# Chapter 18: Optimization and Parallelization

[![Open In Colab](https://colab.research.google.com/assets/colab-badge.svg)](https://colab.research.google.com/github/adiel2012/computer-vision/blob/main/chapter_18_optimization_and_parallelization.ipynb)

**Performance optimization** is critical for production rendering. This chapter covers algorithmic optimizations, multi-threading, SIMD vectorization, and GPU acceleration strategies.

In [None]:
import numpy as np
import matplotlib.pyplot as plt
import time
import math
from typing import List, Tuple
import threading
from concurrent.futures import ThreadPoolExecutor, ProcessPoolExecutor
from multiprocessing import cpu_count

## 1. Profiling and Measurement

**Always profile before optimizing!**

### Performance Metrics

- **Time**: Wall-clock, CPU time
- **Throughput**: Rays/second, pixels/second
- **Memory**: Peak usage, allocations
- **Cache**: Hit rate, misses

### Amdahl's Law

Maximum speedup from parallelization:

$$
S = \frac{1}{(1-P) + \frac{P}{N}}
$$

where:
- $P$ = fraction of code that can be parallelized
- $N$ = number of processors

Example: If 90% parallelizable with 8 cores:
$$
S = \frac{1}{0.1 + \frac{0.9}{8}} \approx 4.7\times
$$

In [None]:
class Timer:
    """Simple profiling timer"""
    def __init__(self, name="Operation"):
        self.name = name
        self.start_time = None
    
    def __enter__(self):
        self.start_time = time.time()
        return self
    
    def __exit__(self, *args):
        elapsed = time.time() - self.start_time
        print(f"{self.name}: {elapsed:.4f} seconds")

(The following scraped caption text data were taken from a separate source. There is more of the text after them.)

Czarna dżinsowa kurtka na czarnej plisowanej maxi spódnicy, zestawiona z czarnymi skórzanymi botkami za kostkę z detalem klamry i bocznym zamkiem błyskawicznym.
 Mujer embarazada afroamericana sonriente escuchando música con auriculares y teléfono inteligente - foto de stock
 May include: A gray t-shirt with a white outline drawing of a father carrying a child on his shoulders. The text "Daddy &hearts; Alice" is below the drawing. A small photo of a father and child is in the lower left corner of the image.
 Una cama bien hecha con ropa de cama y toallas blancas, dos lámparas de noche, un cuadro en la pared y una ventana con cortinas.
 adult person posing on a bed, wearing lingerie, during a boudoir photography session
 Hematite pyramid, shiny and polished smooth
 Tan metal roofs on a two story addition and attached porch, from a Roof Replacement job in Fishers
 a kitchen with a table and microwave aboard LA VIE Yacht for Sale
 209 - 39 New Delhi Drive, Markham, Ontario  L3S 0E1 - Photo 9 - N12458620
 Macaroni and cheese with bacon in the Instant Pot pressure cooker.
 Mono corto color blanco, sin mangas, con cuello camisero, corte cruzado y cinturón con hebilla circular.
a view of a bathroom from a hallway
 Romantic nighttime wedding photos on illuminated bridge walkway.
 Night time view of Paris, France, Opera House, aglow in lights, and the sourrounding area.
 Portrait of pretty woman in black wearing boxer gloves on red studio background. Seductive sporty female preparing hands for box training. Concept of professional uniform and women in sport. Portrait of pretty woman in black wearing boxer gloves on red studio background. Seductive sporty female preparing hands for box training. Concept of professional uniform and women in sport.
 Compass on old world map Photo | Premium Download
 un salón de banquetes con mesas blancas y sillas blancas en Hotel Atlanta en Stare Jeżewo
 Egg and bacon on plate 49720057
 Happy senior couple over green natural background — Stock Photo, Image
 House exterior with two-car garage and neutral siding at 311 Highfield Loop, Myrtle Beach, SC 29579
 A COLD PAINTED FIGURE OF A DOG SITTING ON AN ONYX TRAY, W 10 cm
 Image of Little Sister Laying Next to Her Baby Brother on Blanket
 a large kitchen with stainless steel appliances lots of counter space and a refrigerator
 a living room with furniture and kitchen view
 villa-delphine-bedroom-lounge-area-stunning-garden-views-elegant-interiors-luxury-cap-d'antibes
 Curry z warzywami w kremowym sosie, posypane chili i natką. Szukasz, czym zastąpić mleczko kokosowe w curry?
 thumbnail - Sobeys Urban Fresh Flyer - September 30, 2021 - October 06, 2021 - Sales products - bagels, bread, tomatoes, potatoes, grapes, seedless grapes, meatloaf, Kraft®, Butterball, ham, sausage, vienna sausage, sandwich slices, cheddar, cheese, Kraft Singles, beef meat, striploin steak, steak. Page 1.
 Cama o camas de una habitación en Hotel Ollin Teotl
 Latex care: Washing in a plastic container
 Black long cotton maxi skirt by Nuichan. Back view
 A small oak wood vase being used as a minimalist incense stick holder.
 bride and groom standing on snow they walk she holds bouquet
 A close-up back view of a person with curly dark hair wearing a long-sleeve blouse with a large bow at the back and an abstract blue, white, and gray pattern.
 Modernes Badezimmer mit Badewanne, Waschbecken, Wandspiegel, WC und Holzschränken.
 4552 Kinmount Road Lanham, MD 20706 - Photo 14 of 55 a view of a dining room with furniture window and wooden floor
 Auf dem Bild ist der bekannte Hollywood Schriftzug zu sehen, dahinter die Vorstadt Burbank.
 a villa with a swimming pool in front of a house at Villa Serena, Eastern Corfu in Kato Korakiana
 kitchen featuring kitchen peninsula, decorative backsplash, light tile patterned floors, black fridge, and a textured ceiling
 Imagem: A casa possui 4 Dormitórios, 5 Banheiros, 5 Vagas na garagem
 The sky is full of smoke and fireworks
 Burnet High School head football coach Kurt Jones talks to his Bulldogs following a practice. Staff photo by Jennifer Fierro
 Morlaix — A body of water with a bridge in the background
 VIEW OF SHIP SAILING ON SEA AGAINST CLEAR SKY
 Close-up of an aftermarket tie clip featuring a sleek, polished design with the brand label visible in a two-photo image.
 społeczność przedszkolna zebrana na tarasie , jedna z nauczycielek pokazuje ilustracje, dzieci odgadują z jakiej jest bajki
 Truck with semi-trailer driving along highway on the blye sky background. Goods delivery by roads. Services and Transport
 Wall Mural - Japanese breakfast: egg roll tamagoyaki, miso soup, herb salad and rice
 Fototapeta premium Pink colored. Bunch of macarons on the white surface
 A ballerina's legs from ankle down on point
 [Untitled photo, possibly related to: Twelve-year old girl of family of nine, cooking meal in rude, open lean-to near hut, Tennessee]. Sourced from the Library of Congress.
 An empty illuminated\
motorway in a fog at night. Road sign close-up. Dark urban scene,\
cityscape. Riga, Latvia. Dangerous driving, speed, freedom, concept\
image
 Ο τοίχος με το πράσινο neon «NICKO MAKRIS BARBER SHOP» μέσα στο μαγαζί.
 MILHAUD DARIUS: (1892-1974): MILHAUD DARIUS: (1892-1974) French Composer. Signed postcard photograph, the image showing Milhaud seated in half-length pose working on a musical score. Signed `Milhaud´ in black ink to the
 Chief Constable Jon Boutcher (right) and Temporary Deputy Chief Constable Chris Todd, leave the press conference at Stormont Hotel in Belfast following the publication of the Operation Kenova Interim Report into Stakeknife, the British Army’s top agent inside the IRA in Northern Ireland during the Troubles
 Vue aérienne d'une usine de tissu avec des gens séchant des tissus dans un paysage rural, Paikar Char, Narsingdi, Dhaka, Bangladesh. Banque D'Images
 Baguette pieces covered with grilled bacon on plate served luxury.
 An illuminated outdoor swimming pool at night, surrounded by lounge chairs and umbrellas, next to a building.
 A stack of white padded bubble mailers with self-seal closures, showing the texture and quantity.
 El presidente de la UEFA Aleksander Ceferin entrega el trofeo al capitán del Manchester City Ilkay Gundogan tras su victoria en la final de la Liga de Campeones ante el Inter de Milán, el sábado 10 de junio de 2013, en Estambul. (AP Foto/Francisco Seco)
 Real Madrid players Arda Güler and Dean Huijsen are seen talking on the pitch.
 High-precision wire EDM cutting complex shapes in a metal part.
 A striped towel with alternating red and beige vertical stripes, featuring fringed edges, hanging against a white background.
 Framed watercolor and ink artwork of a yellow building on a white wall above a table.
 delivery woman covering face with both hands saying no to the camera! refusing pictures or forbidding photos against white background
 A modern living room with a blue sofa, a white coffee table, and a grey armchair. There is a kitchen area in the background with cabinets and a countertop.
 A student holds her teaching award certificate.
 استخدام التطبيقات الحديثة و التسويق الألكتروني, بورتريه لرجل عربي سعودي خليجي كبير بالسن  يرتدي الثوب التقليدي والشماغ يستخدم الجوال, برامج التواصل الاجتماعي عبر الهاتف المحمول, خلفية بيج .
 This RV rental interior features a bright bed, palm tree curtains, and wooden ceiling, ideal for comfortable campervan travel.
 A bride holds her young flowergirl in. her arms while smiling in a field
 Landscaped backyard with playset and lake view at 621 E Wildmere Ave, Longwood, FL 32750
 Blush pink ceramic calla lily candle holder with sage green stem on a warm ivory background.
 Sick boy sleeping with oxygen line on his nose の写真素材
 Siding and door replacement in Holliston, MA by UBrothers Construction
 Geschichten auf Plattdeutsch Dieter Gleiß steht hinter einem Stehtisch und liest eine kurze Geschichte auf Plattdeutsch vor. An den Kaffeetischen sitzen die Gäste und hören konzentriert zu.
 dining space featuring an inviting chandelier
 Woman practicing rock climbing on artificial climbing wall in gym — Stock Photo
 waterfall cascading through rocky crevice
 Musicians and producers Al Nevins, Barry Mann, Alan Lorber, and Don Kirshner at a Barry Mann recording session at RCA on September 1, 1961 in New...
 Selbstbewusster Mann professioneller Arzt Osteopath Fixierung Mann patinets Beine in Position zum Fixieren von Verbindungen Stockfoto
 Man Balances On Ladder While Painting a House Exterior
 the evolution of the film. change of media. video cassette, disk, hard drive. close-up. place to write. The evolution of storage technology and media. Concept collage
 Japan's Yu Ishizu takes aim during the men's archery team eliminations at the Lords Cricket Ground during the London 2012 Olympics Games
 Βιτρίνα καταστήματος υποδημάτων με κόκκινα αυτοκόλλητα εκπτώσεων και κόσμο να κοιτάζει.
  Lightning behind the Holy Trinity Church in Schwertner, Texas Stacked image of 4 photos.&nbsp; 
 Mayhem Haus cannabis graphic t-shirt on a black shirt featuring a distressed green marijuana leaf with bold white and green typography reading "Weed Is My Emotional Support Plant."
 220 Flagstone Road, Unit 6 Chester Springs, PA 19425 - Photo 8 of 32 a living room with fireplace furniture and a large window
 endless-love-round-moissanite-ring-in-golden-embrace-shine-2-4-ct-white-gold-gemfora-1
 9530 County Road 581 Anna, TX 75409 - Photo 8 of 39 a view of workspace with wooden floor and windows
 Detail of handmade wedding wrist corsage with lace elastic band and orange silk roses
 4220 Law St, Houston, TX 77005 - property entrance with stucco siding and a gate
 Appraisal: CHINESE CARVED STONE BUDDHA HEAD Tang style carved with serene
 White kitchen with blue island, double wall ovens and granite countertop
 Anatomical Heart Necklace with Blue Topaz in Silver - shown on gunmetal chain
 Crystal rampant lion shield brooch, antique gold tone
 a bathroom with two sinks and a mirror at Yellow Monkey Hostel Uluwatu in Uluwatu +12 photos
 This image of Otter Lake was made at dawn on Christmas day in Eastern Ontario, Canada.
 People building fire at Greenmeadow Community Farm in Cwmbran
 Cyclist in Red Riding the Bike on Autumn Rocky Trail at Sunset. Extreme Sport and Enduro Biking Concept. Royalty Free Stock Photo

def benchmark(func, *args, iterations=10):
    """Benchmark function with multiple iterations"""
    times = []
    for _ in range(iterations):
        start = time.time()
        func(*args)
        times.append(time.time() - start)
    
    mean_time = np.mean(times)
    std_time = np.std(times)
    return mean_time, std_time

print("✓ Profiling tools loaded")

## 2. Algorithmic Optimizations

### Early Ray Termination

Stop tracing when contribution becomes negligible:

$$
\text{throughput} < \epsilon \implies \text{terminate}
$$

### Bounding Volume Hierarchy (Review)

- Use SAH for optimal splits
- Traverse in front-to-back order
- Cache-friendly memory layout

### Incremental Computation

Reuse calculations across iterations:
- Don't recompute static geometry
- Cache intersection data
- Incremental updates for animation

In [None]:
# Example: Naive vs optimized matrix-vector multiplication

def matmul_naive(matrix, vector):
    """Naive matrix-vector multiply (list of lists)"""
    n = len(matrix)
    result = [0] * n
    for i in range(n):
        for j in range(n):
            result[i] += matrix[i][j] * vector[j]
    return result

def matmul_numpy(matrix, vector):
    """NumPy optimized (BLAS)"""
    return np.dot(matrix, vector)

# Benchmark
size = 100
mat_list = [[float(i + j) for j in range(size)] for i in range(size)]
vec_list = [float(i) for i in range(size)]
mat_np = np.array(mat_list)
vec_np = np.array(vec_list)

with Timer("Naive matmul"):
    for _ in range(100):
        matmul_naive(mat_list, vec_list)

with Timer("NumPy matmul"):
    for _ in range(100):
        matmul_numpy(mat_np, vec_np)

print("NumPy uses optimized BLAS routines (often 10-100x faster)")

## 3. Data Structure Optimization

### Array of Structures (AoS) vs Structure of Arrays (SoA)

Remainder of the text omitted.